TO DO: Note on the material below: return exactly the lines from the line that holds "KTT G20: Jokowi" through the line that holds "DAVID & MILLY", and leave out each picture.

[[ RECORDS SUPPLIED, beginning ]]

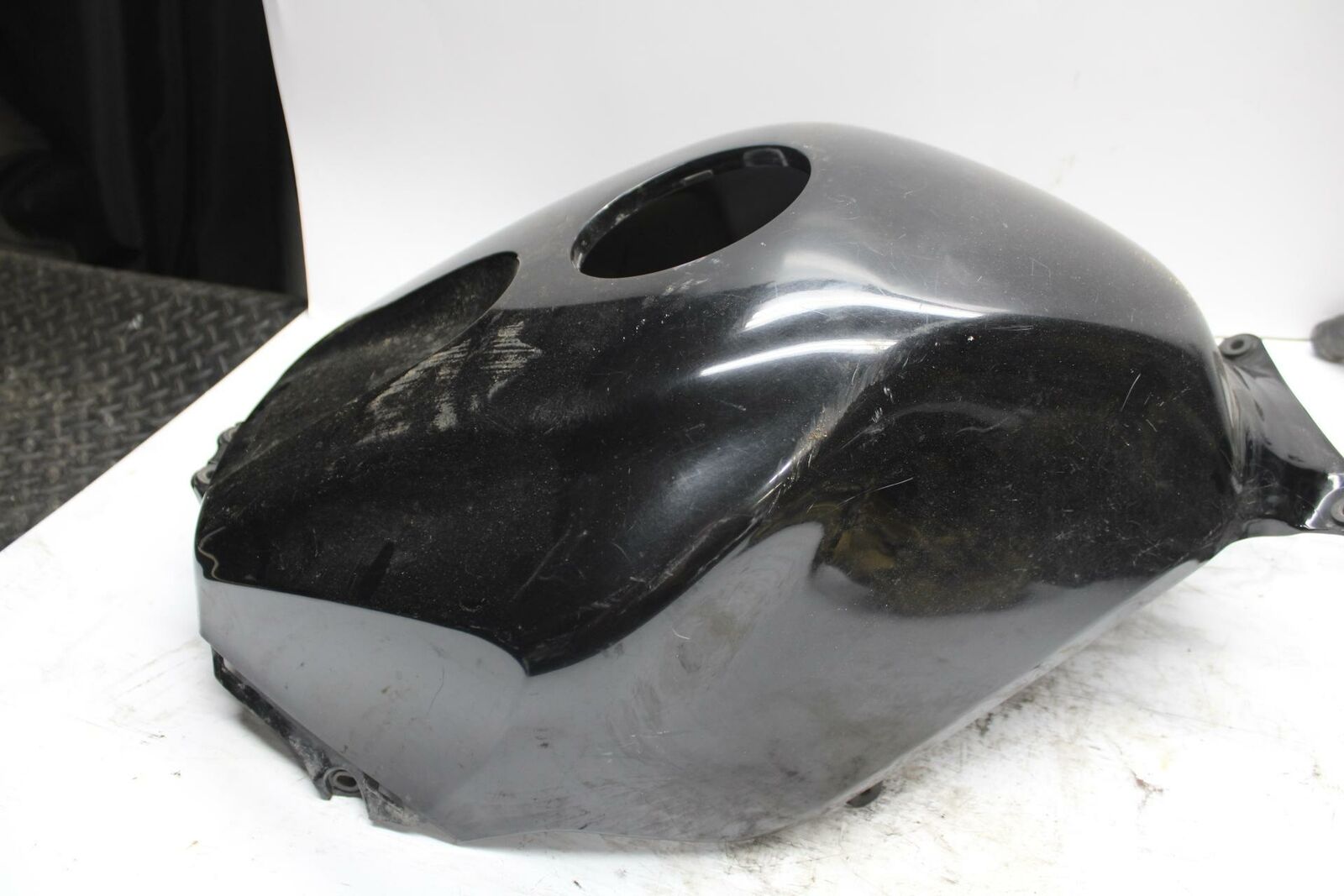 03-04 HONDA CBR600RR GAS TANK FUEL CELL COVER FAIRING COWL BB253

[[ RECORDS SUPPLIED, end ]]
[[ RECORDS SUPPLIED, beginning ]]

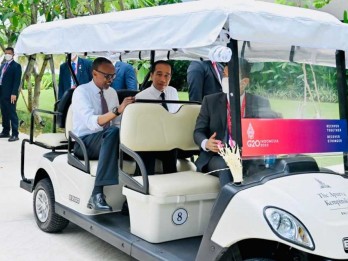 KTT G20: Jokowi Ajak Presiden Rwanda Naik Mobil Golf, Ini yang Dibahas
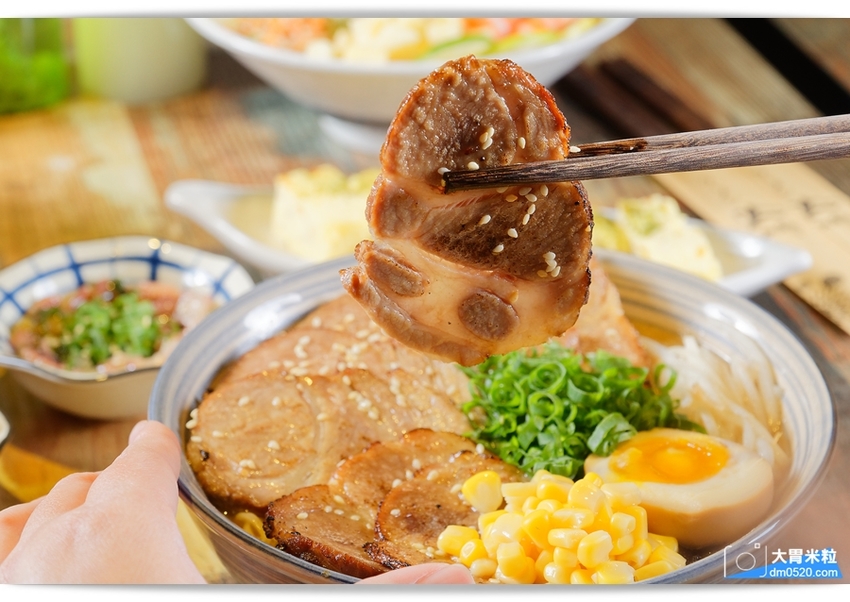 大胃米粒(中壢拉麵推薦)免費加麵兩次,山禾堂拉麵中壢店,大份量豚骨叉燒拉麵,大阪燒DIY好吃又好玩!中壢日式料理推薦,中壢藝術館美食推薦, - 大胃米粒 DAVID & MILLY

[[ RECORDS SUPPLIED, end ]]

COMPLETED EXERCISE:
 KTT G20: Jokowi Ajak Presiden Rwanda Naik Mobil Golf, Ini yang Dibahas
 大胃米粒(中壢拉麵推薦)免費加麵兩次,山禾堂拉麵中壢店,大份量豚骨叉燒拉麵,大阪燒DIY好吃又好玩!中壢日式料理推薦,中壢藝術館美食推薦, - 大胃米粒 DAVID & MILLY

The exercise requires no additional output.